Other names flashed through my memory – Lee Maye, Dave “Soup” Campbell – but I kept coming back to one man. The only Houston Astro to be inducted to the Hall of Fame wearing #20. Who – if there was a Hall of Fame for white afros – would be in on the first ballot.
Sutton didn’t spend much time in Houston. He signed as a Free Agent before the 1981 season, and in late August the following year, we was sent to the Milwaukee Brewers for Kevin Bass, Frank DiPino, Mike Madden, and cash. Anyone who has read my About Me knows that, without that trade, I might never have become a Houston fan at all.
To top it off, he helped pitch the Brewers to their only World Series appearance (though he was shelled by the Cardinals in the Series), playing with current Astros skipper Cecil Cooper.
Houston’s pitching staff in the strike-shortened 1981 season was insane. In addition to Sutton, the rotation boasted Joe Niekro, Hall of Famer Nolan Ryan, lefty Bob Knepper, and Vern Ruhle. The bullpen had Billy Smith, Dave Smith, and Joe Sambito.
No starting pitcher that year had an ERA over 3.00. Ruhle’s 2.91 was the highest, and the average ERA+ was 139. With a full year of baseball, there’s no telling how well this team could have done, despite a questionable offense led by Tony Scott, Jose Cruz, and then-first baseman and former Gold Glove outfielder Cedeno (not Geronimo.)

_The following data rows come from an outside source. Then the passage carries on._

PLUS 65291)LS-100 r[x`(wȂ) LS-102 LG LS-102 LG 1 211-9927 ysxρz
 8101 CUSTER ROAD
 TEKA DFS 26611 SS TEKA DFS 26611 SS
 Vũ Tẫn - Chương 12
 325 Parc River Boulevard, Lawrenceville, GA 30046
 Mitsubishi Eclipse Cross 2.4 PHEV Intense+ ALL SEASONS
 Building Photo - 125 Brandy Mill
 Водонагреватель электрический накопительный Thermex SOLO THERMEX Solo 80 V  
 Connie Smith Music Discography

Sutton threw 158.2 innings that year, going 11-9 with a 2.61 ERA, 1.015 WHIP (with three fewer hits or walks, he would have had a WHIP under 1.00… coincidentally, three is the exact number of intentional walks he was asked to issue). He walked just 29 batters – the fewest ever in his career, including 1988 when he walked 30 despite pitching just 87.1 innings with the Dodgers – and struck out 104 (also the fewest in his career, but who’s counting?)
Old Black & Decker followed up his 1981 campaign by going 13-8 in 27 appearances in 1982, pitching 195 innings and striking out 139 to 46 walks, a 3.00 ERA and a 1.103 WHIP before being traded to the Brewers.